US DoT issues V2X deployment roadmap

The US DoT has released a national deployment plan for the further implementation of V2X technology in the hopes of improving road safety. V2X (vehicle-to-everything) enables vehicles talk to each other, warning when there’s a risk of collision.

“V2X can prioritize emergency vehicles,” says Sarah Kaufman, the director of NYU’s Rudin Center for Transportation. “For example, a traffic light can stay green or turn green for an approaching ambulance to ensure that the ambulance can get through more quickly.”

“This technology has been around for quite a number of years, but there’s always been this chicken-or-egg argument as to, ‘Should it be on the vehicle, should it be out in the infrastructure?’” said Shailen Bhatt, administrator of the Federal Highway Administration. “This gives everybody certainty around what is going to happen.”

According to Marketplace.org, under the Department of Transportation’s roadmap, V2X would be deployed along 50% of the National Highway System and at 40% of the country’s intersections by 2031.

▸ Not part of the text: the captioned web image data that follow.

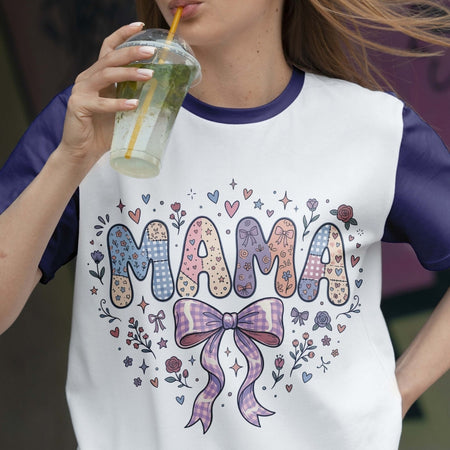 Person wearing a 'MAMA' shirt with decorative elements, holding a drink.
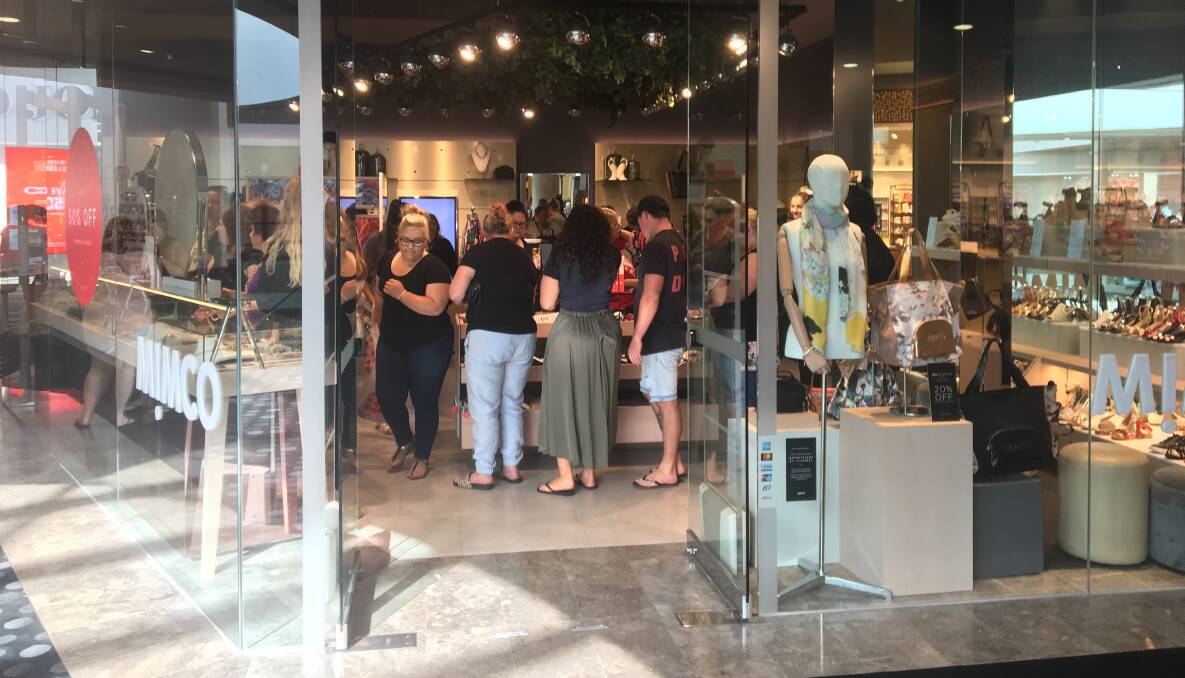 Shoppers at Charlestown Square and Kotara Westfield before 8.30am on Wednesday morning. Pictures: SUPPLIED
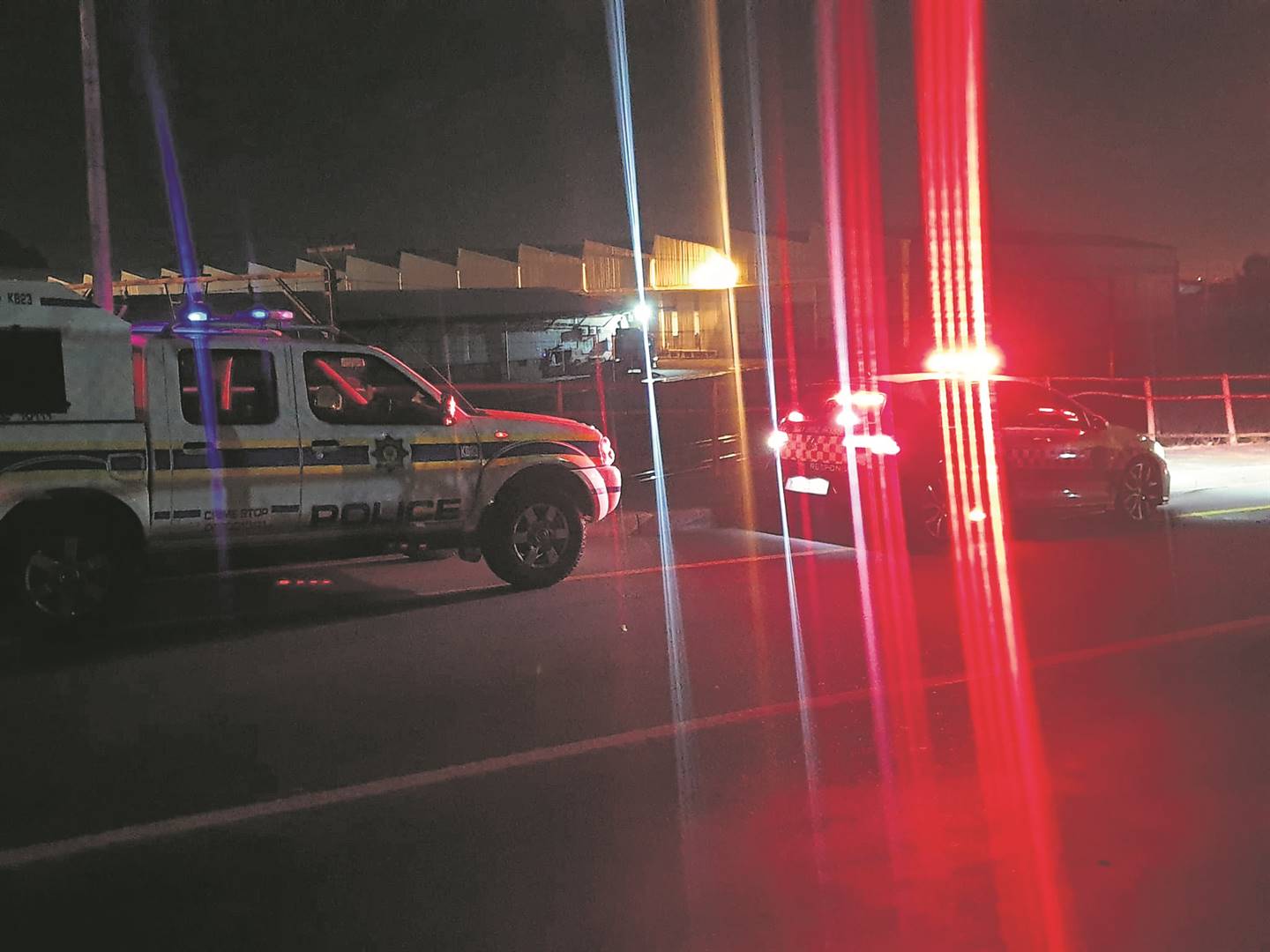 Police and members of a security company at the scene in Brackenfell over the weekend. 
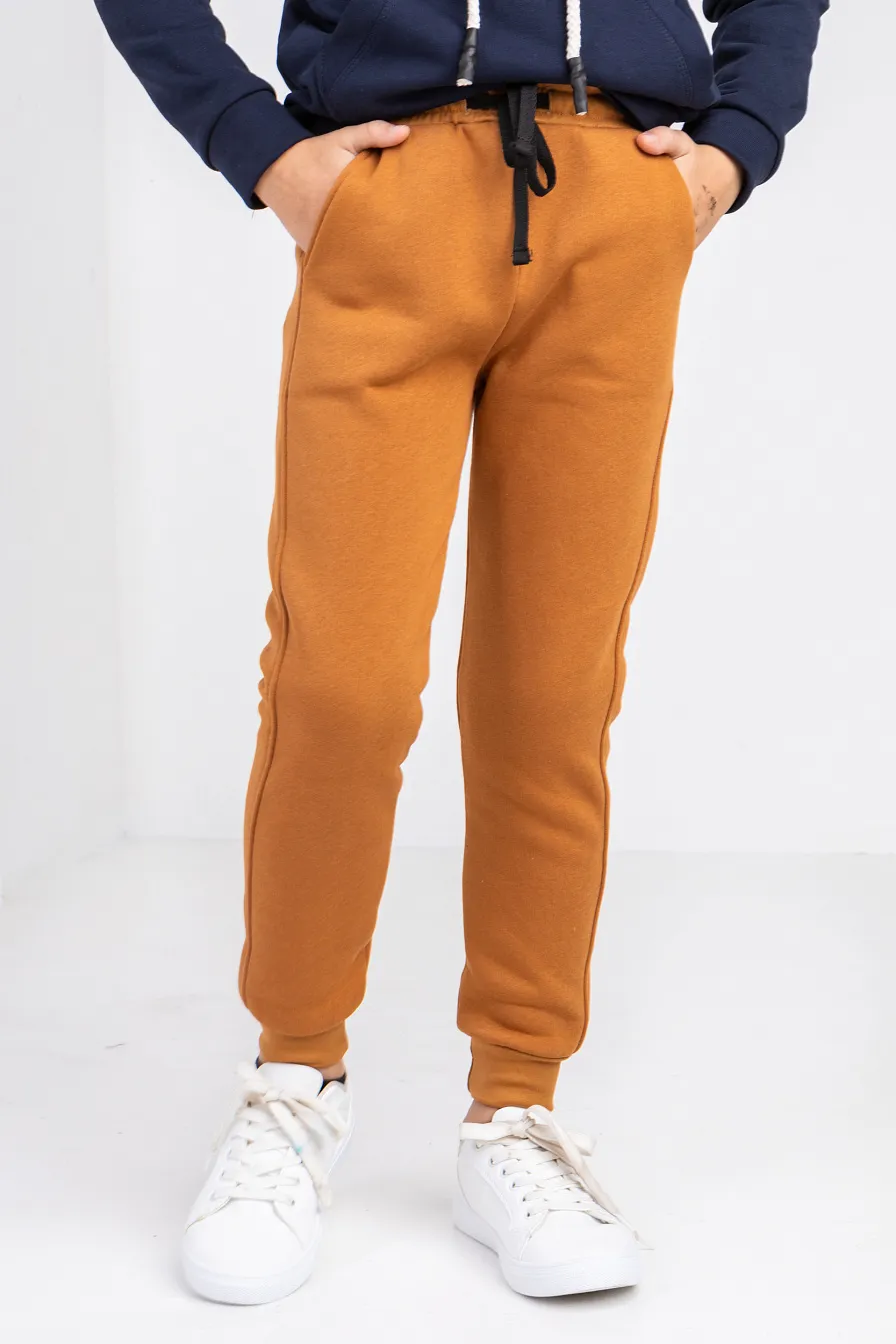 Дитячі спортивні штани Stimma Арістоль, колір - карамельний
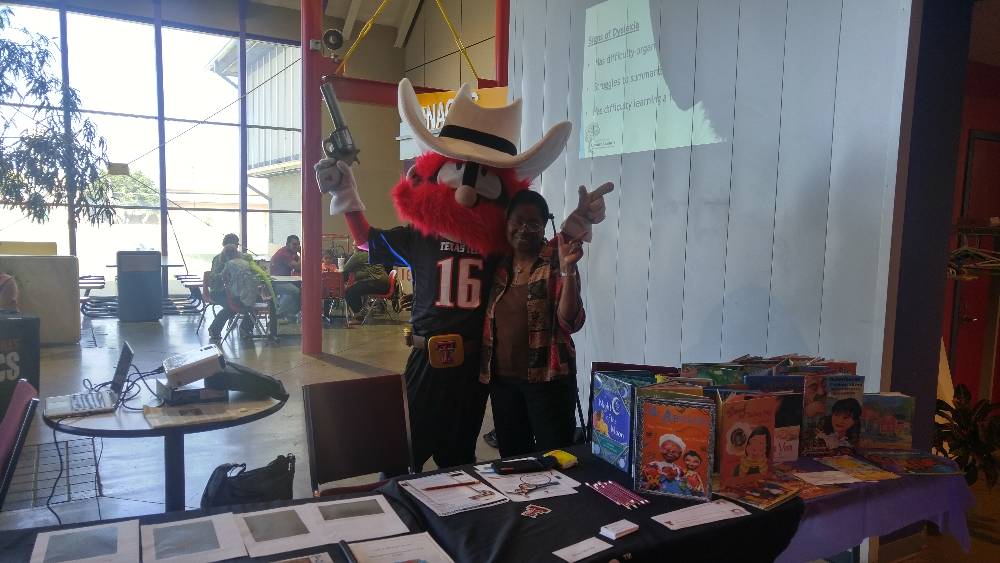 Amma and Raider Red at the Literacy Fair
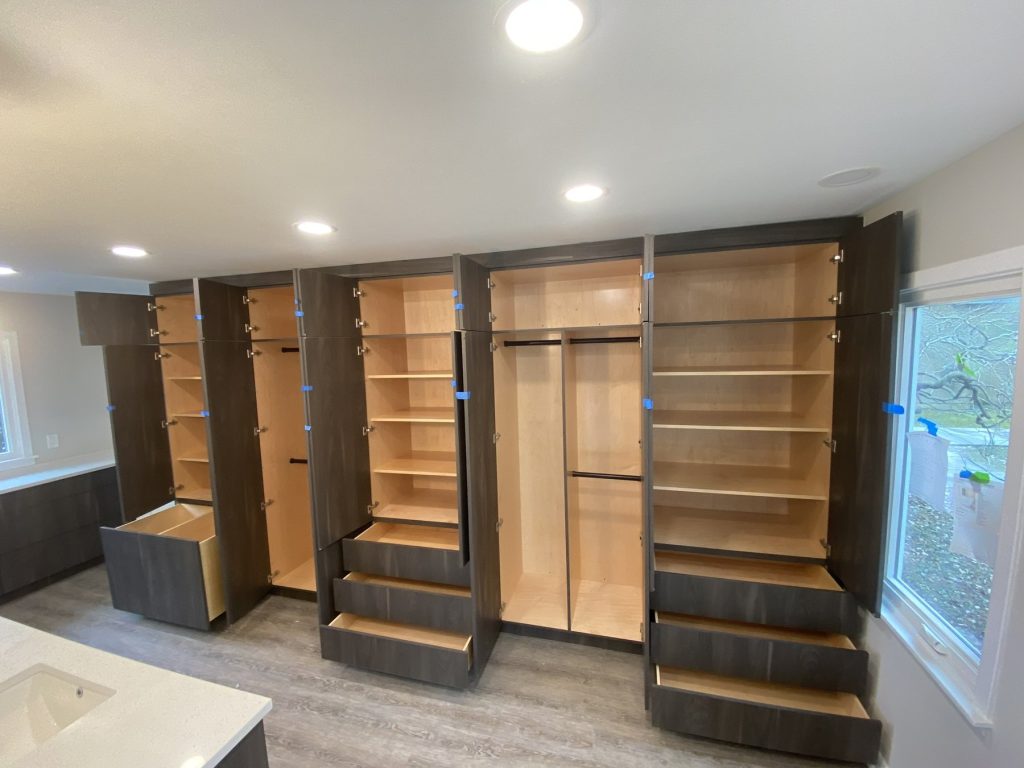 Gray wardrobe cabinets open showing adjustable fitted interiors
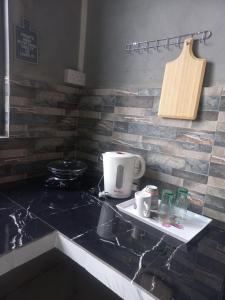 een aanrechtblad met een koffiezetapparaat op een dienblad bij Ti'Kaz in Mahébourg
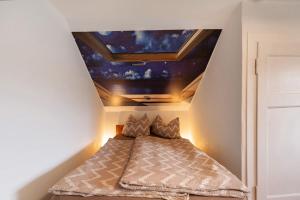 Postel nebo postele na pokoji v ubytování Ferienwohnung im Rosenberg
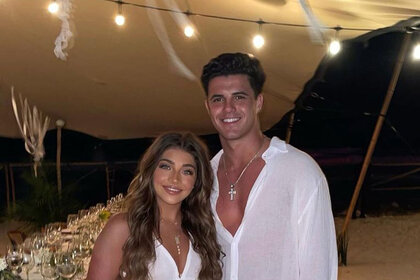 Gia and Christian pose together in all white on a beach.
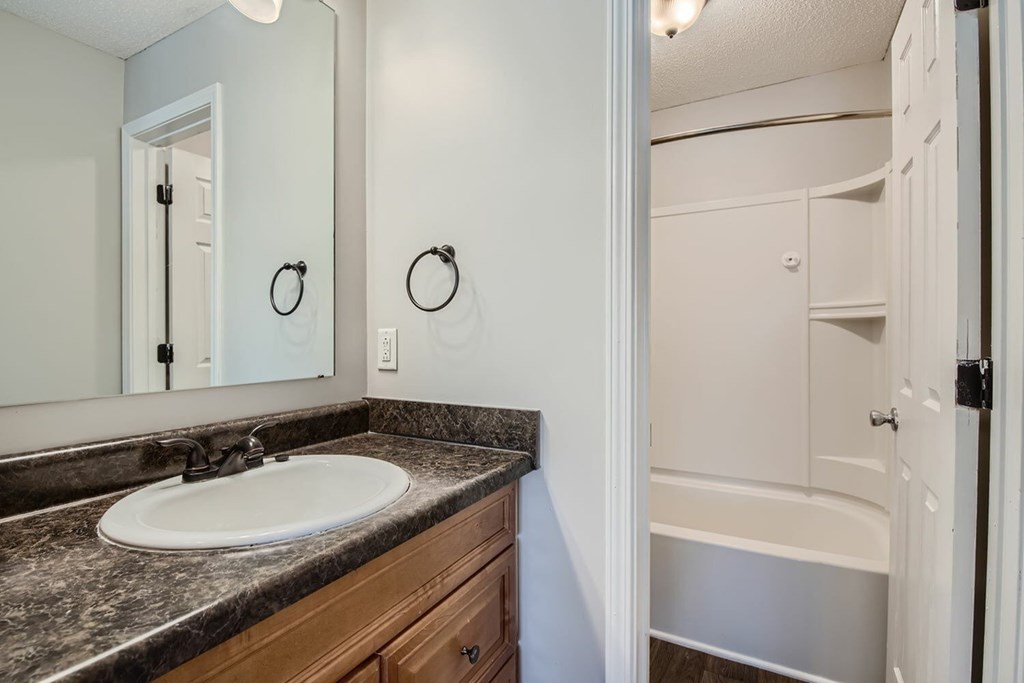 A bathroom with a sink, mirror, and bathtub.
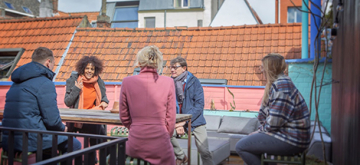 VLAIO collega's zitten rond een tafel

As for vehicles, “I think you’re going to see that deployment in fleets earlier. And then I think you know in the plan, it is estimating that we could see it in passenger vehicles by the 2028 model year,” said Laura Chace, president and CEO of the Intelligent Transportation Society of America.

And a slow rollout may not be a bad idea, according to Cliff Braun, associate director of technology policy at the Electronic Frontier Foundation.